Le pétrole, une diversification géopolitique progressive
Avec une production domestique couvrant moins de 2% de ses besoins, la France importe massivement du pétrole brut. En 2023, les importations ont atteint 46,5 millions de tonnes pétrole (Mtep) pour une facture de 27,3 milliards d’euros. (Source : Ministère de la Transition écologique)
Les États-Unis dominent désormais les approvisionnements français avec 16,7% des importations, devançant le Nigeria (12,4%) et le Kazakhstan (12,0%). Cette configuration s’explique par l'embargo total sur le pétrole russe depuis décembre 2022, suite à l’invasion de l’Ukraine.
L’Algérie (9,6%), la Libye (8,7%) et l’Irak (7,6%) complètent le tableau des principaux fournisseurs. Fait notable : plus de la moitié du pétrole français (53,7%) provient désormais des pays membres de l’OPEP, traduisant une dépendance accrue envers cette organisation. (Source : Connaissances des Énergies)

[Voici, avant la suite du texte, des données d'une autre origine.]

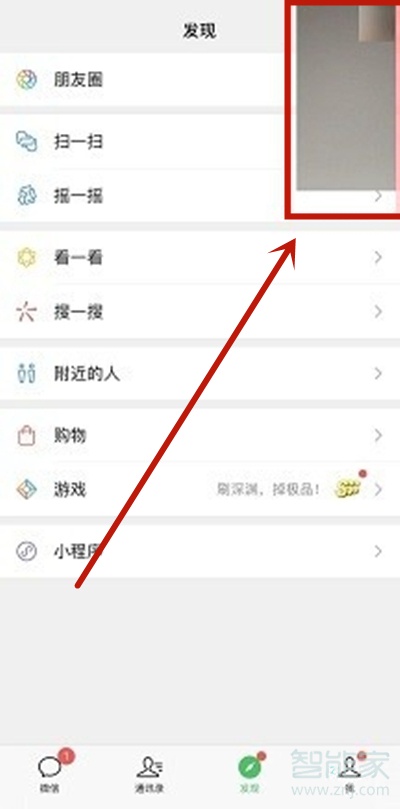苹果12微信视频悬浮窗怎么设置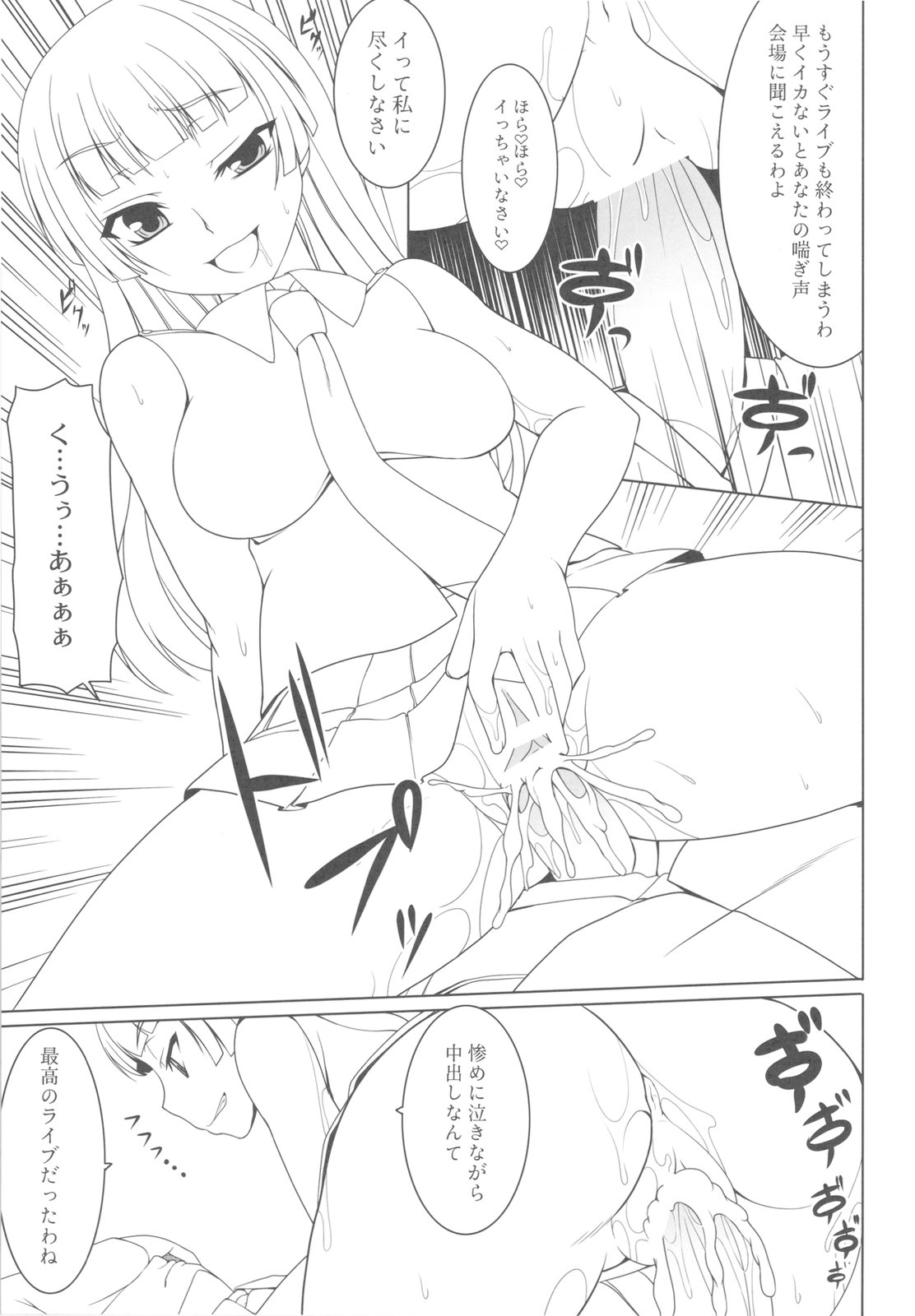 Break relations page 7 full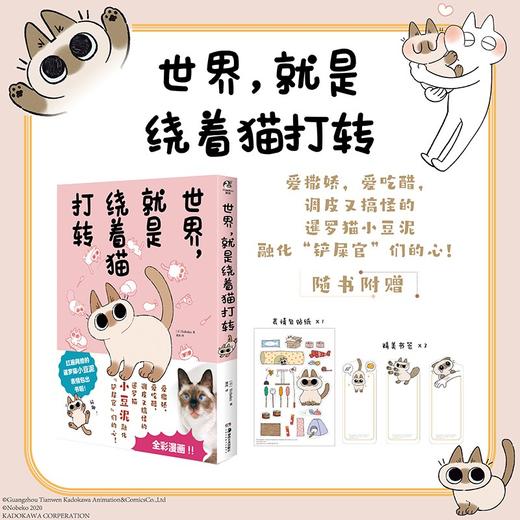 世界,就是绕着猫打转.第1册.粉色 商品图0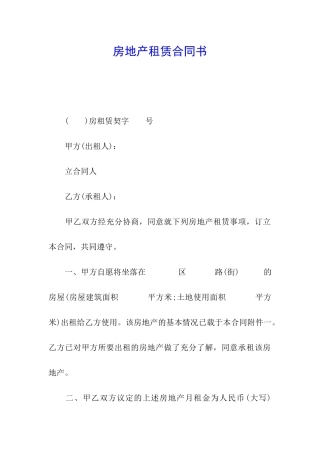 房地产租赁合同书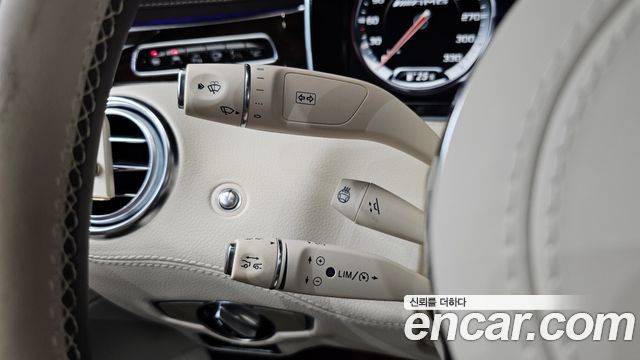 Mercedes-Benz S-Class 2015 — photo 22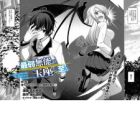 Saijaku Munou ga Gyokuza e Itaru: Ningen Shakai no Ochikobore, Ajin no Kenzoku ni Natte Nariagaru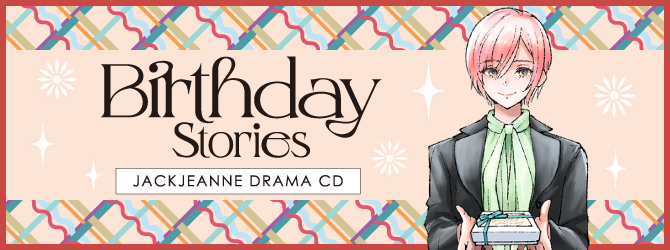 ジャックジャンヌ ドラマCD「Birthday Stories」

Le gaz naturel, la Norvège en tête d’une nouvelle géographie énergétique
La crise énergétique de 2022 a profondément remanié la carte des approvisionnements gaziers français. La Norvège s’impose comme le premier fournisseur avec 33% des importations, suivie par les États-Unis (26%) grâce aux livraisons massives de gaz naturel liquéfié (GNL). (Source : Conseil européen)
Malgré les sanctions, la Russie maintient encore 13% des approvisionnements français, principalement via des contrats de long terme. L’Algérie (9%), les Pays-Bas (5%) et le Qatar (5%) diversifient le mix énergétique. Les importations de GNL représentent désormais 59% des entrées de gaz, une proportion en constante augmentation depuis 2022.
Cette transformation s’accompagne d’investissements massifs dans les infrastructures : le terminal flottant du Havre, mis en service en octobre 2023, illustre cette adaptation aux nouvelles routes d’approvisionnement.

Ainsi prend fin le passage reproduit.